#### WORK TASK
Below are records that should be duplicated exactly, with no image retained.
SUPPLIED MATERIAL START
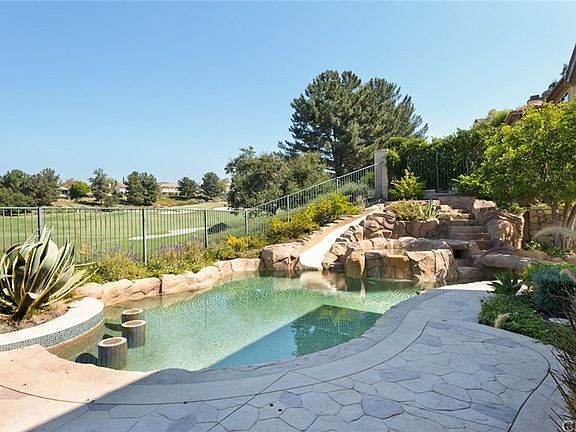 2nd image of 21 Sarazen Ln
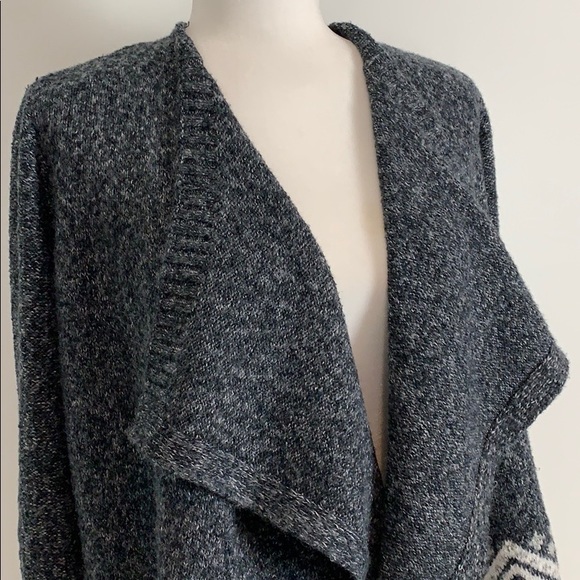 Hollister Drape Cardigan - Picture 2 of 6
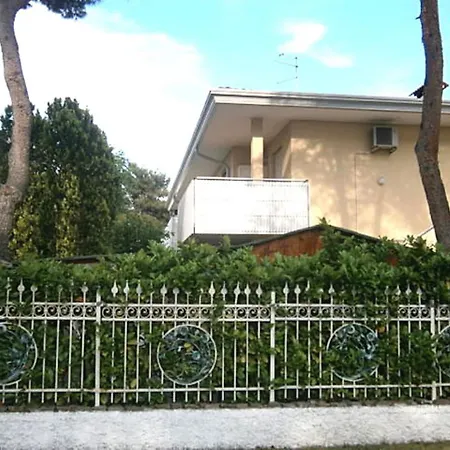 Andrea - Private Garden, 2 Bathrooms, Covered Parking Space *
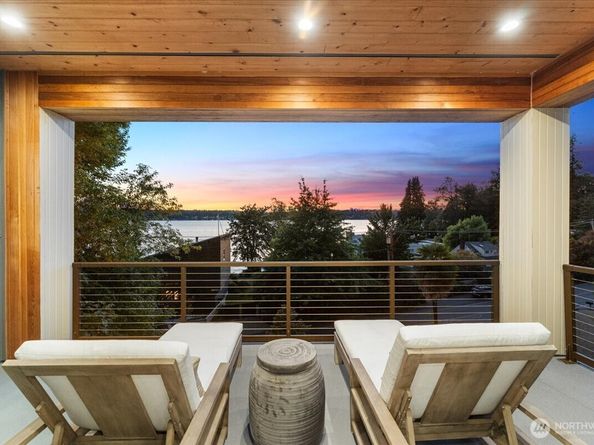 11822 Holmes Point Drive NE, Kirkland WA 98034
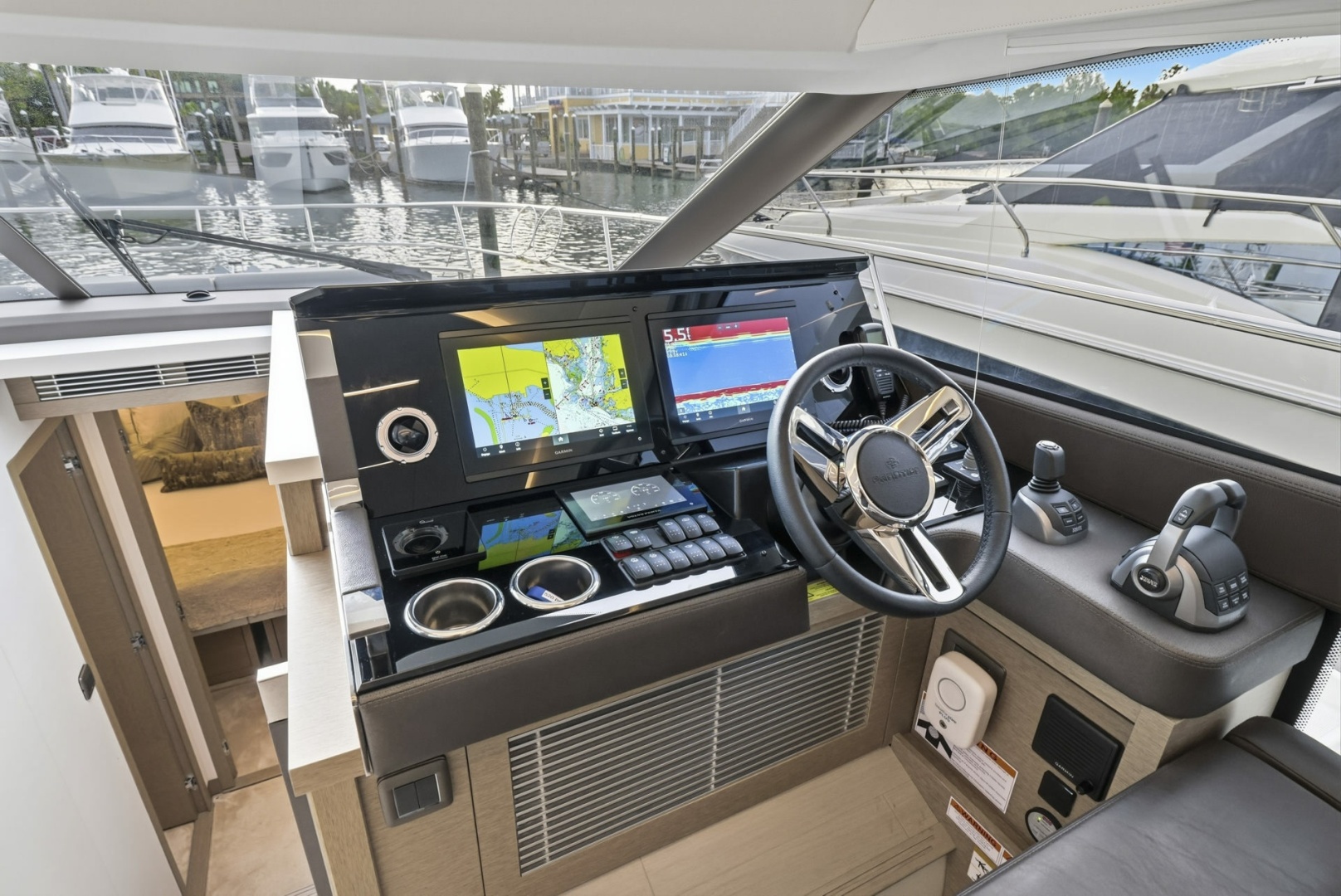 2023 Prestige 520 Fly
SUPPLIED MATERIAL END
#### EXPECTED ANSWER
 2nd image of 21 Sarazen Ln
 Hollister Drape Cardigan - Picture 2 of 6
 Andrea - Private Garden, 2 Bathrooms, Covered Parking Space *
 11822 Holmes Point Drive NE, Kirkland WA 98034
 2023 Prestige 520 Fly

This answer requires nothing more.